Cuts in spending projections would be aimed at the trimmings, he said, like travel, catering and the use of consultants, while provision for basic services would continue to grow.

But Nene’s pledge has not been taken at face value.

Searching questions were asked about figures when Parliament’s appropriations committees held public hearings this week on Nene’s medium-term budget policy statement, delivered last month.

Cosatu and the National Union of Metalworkers of South Africa slammed the plan to freeze, and possibly scrap, vacant posts in the public service. They said this would inevitably affect service delivery.

They argued that cutting government expenditure at a time of weak economic growth would dampen demand, potentially tipping the country into a negative spiral.

Predictably, they reserved their greatest scorn for Nene’s opening gambit in the wage negotiations – a 6.6 percent increase, as opposed to union demands for 15 percent.

“There are glaring wage inequalities between what senior officials and politicians make and what the average nurse, teacher and police officer take home,” said Cosatu’s Matthew Parks.

“Yet while these public servants, who work under often horrendous conditions, are blamed for increased spending, we have seen the cabinet grow with each administration.”

The Equal Education and the Public Service Accountability Monitor noted decreases in spending in real terms on education infrastructure and school transport and nutrition, despite education being an apex priority.

Partly this is a result of the Treasury’s “use it or lose it” approach to programmes, in which underexpenditure is “punished” by the lowering of the budget for the next cycle.

From a financial point of view this makes sense, as underexpenditure indicates a department hasn’t planned properly or doesn’t have the capacity or skills to deliver a service at the level anticipated.

But underexpenditure can perversely become a justification for cutting targets for important programmes.

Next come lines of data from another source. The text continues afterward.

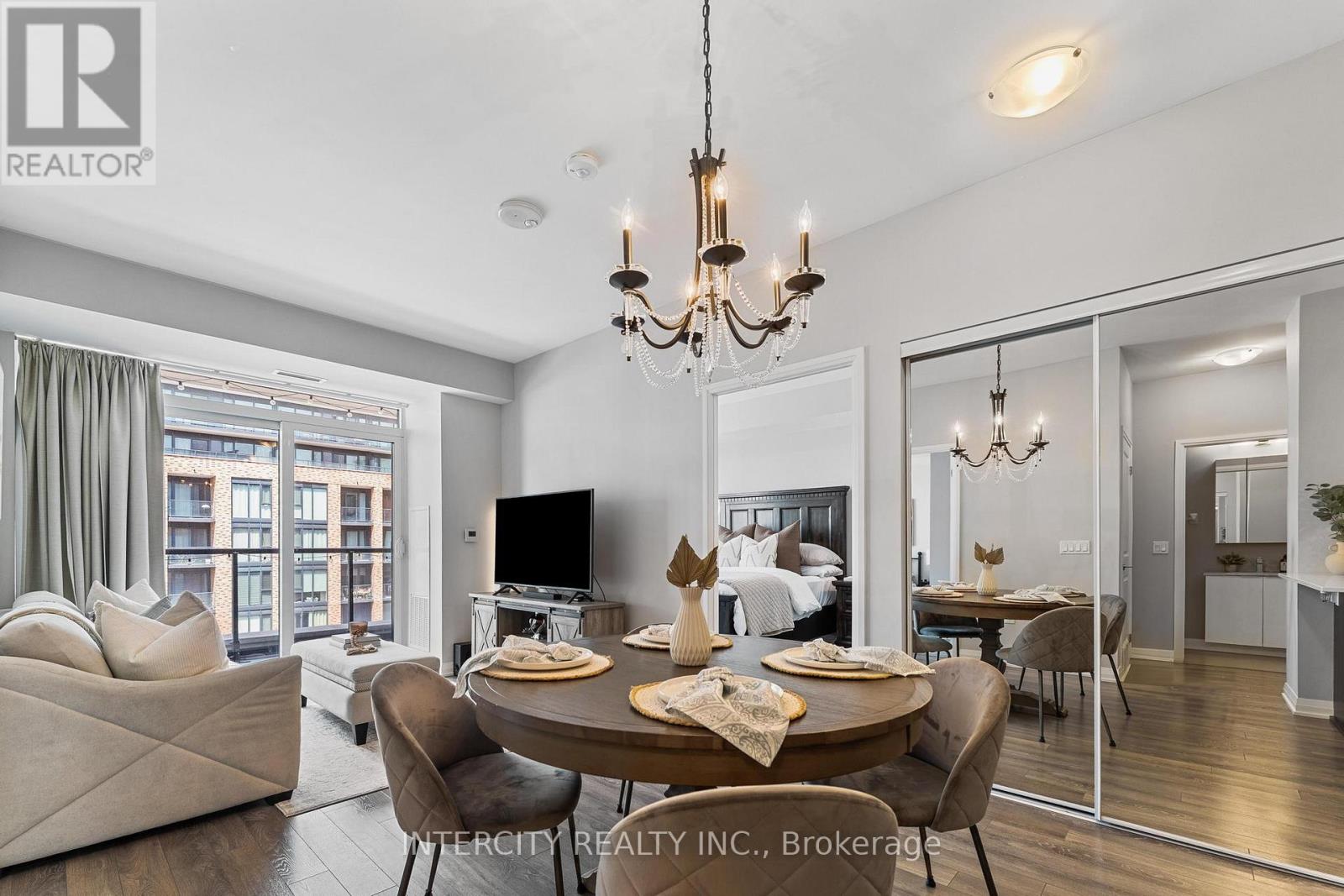 Photo 25 of 627 99 Eagle Rock Way, Vaughan ON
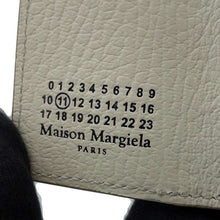 Load image into Gallery viewer, Maison Margiela Maison Margiela Trifold Wallet WhiteS36UI0416 Leather
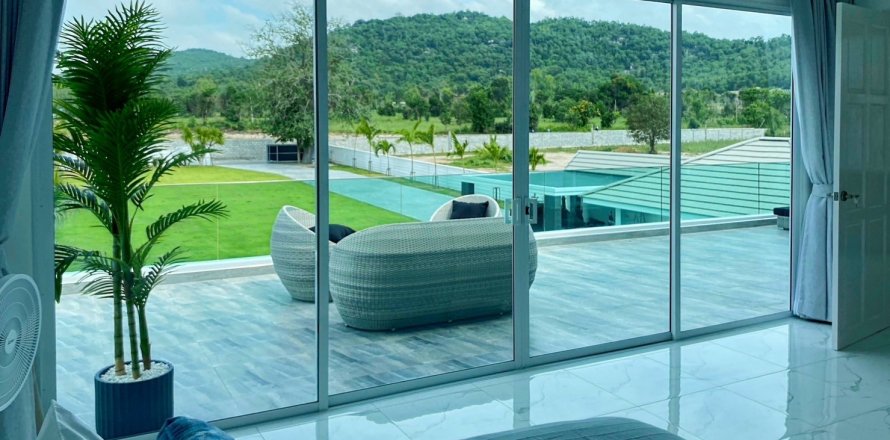 House in Hua Hin, Thailand 3 bedrooms № 125392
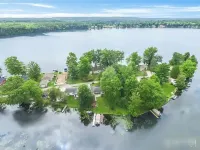 Croton Cottage on all sports lake! Hotels in Croton Township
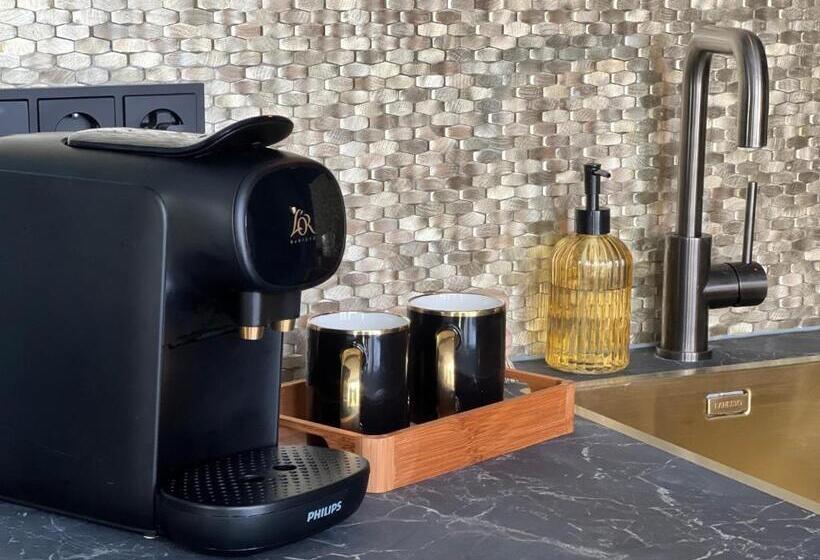 B&b/tiny House Bij Zee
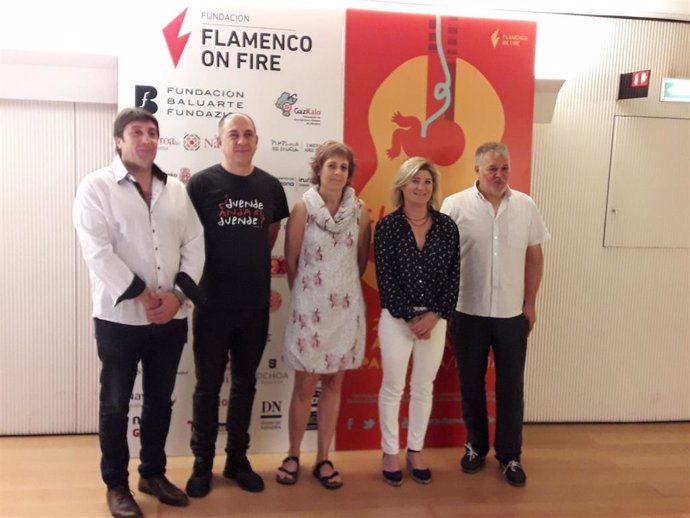 De izquierda a derecha, Ricardo Hernández, Juan Casero, Rebeca Esnaola, María García Barberena y Miguel Morán, en la presentación del balance de Flamenco On Fire.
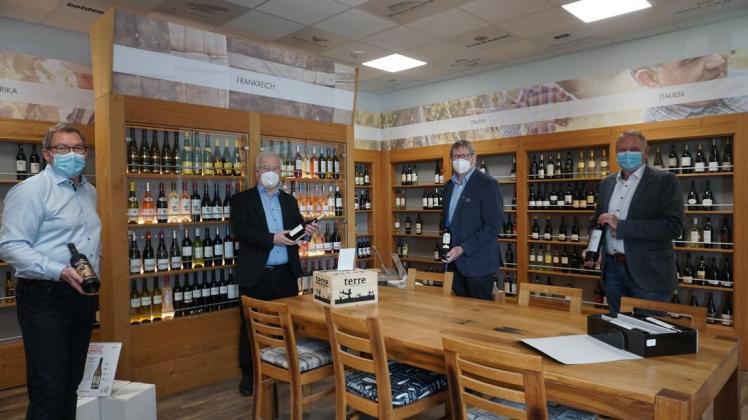 Mit seinem "Vine Shop 24" verkauft Unternehmer Clemens Scheumann (links) Weine. Beeindruckt zeigten sich (von links) Landtagsvizepräsident Bernd Busemann, der Kreistagsabgeordnete Gerhard Husmann sowie Kämmerer Hermann-Josef Gerdes von der Gemeinde Rhede.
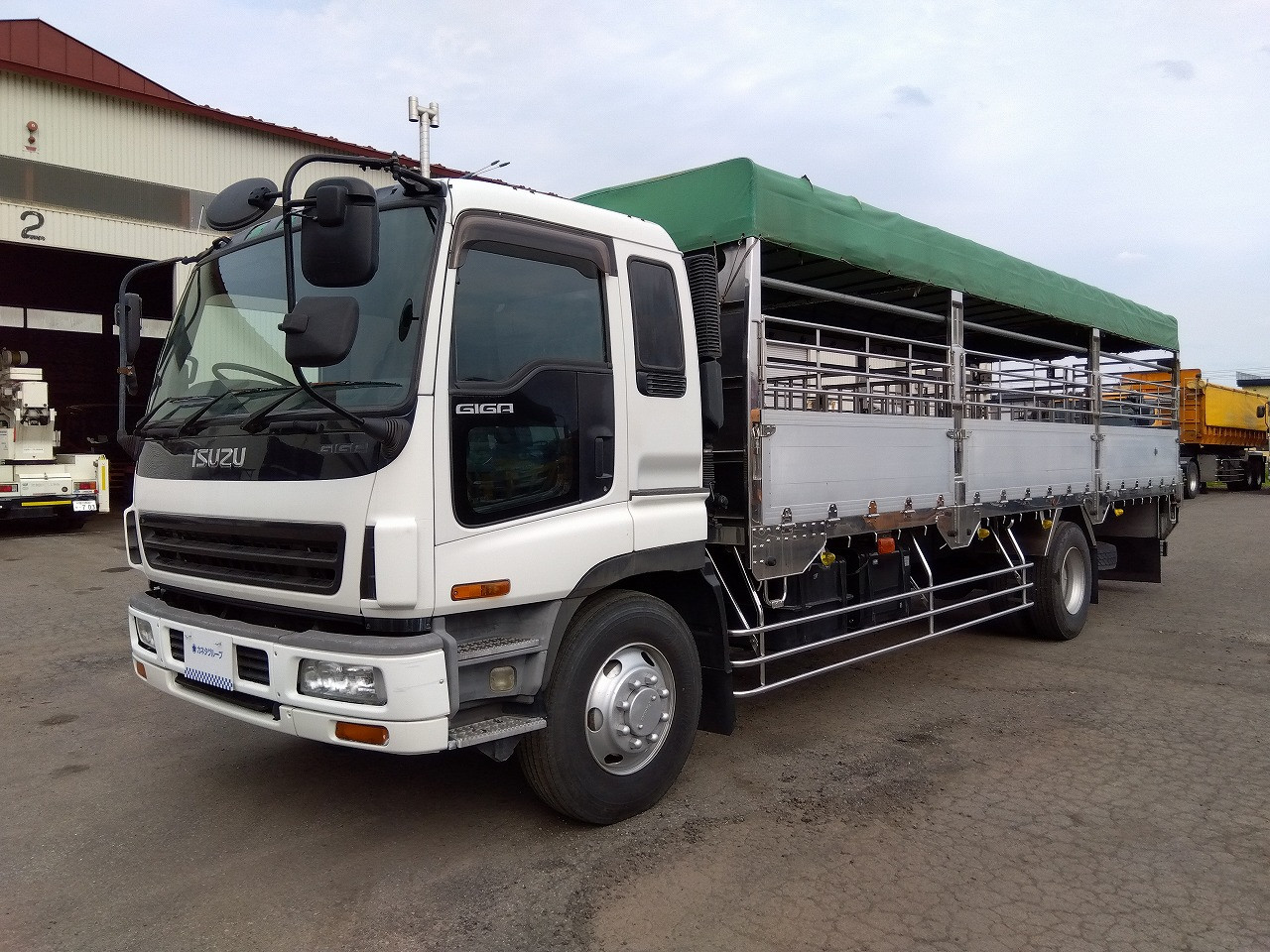 いすゞ ギガ KL-CVR80P3(2WD)の写真1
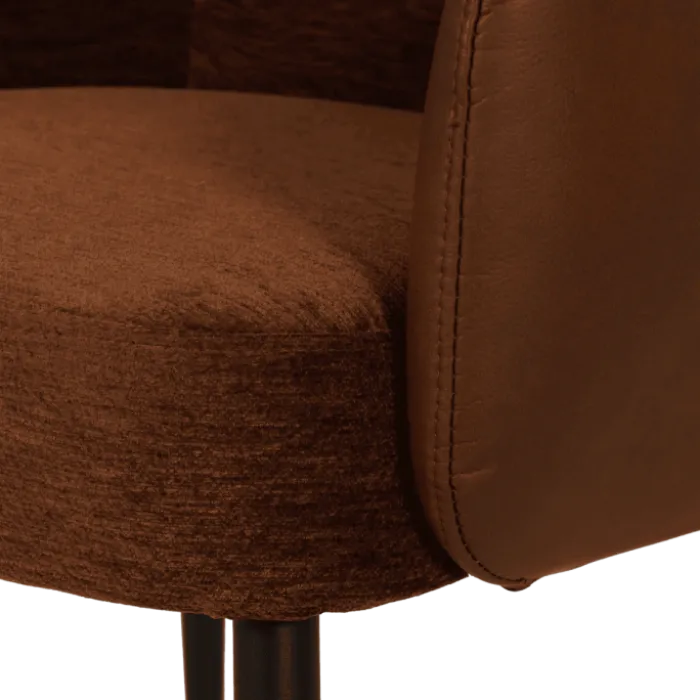 Chaise Maggie Brown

When the reduced targets are met and all or most of the budget is spent, this is recorded as a success.

This appears to be the case with school infrastructure. A grant to do away with schools built from mud or zinc and lacking piped drinking water, sewerage and electricity has been trimmed and the deadline pushed back because the department at provincial level has failed to meet its targets.

Hopolang Selebalo, of Equal Education, told MPs the grant intended to replace 496 mud schools by this year had been allocated R8.2 billion in 2011. This was cut by R1.2bn in February’s Budget.

The department failed to spend 89 percent of this grant in 2011/12 and 58 percent in 2012/13, prompting the cut to align the allocation more closely with the sector’s ability to deliver infrastructure.

Although R5bn had been the projected allocation for 2013/14 when the grant was introduced in 2011, only R1.9bn was provided for that year. The deadline has been moved to 2016/17.

The education infrastructure grant for backlogs has been scaled back over successive budget cycles and is projected to decrease in real terms.

The biggest reductions are to be in provinces like the Eastern Cape, where the need is greatest, but the capacity to spend efficiently is weakest.

Equal Education noted similar trends in transport and the nutrition programme, despite more pupils being in need.

Zukiswa Kota, of Equal Education, said even if a child was at a good school, little would be achieved if he or she was hungry.

“We’re frightened by reports of reductions in this budget and by reports of learners being cut off in provinces.”

Fanie Joubert, of Unisa’s economics department, said his research with two other academics found spending on social assistance and public servants’ pay would continue to absorb a growing share of revenue, leading to a point where no money was left for anything else – a “fiscal cliff”.

While the rate of growth in spending on these items had tapered off, the central government’s compensation account had increased from R195bn in 2007/08 to R440bn in 2014/15, an average annual growth rate of 12.4 percent that far outstrips inflation or economic growth.

Even if Nene limited pay hikes to inflation plus 1 percent and kept the headcount stable, the wage bill would be R596.8bn in 2017/18 – R136bn more than he had projected for the next three years, Joubert said.

The unions’ demand for a 15 percent rise would lead to the wage bill and social assistance accounting for 70 percent of revenue by 2017/18.

The academics said there was no scope to increase salaries by more than inflation plus 1 percent, while the size of the public service and “ideally” the cabinet should be reduced.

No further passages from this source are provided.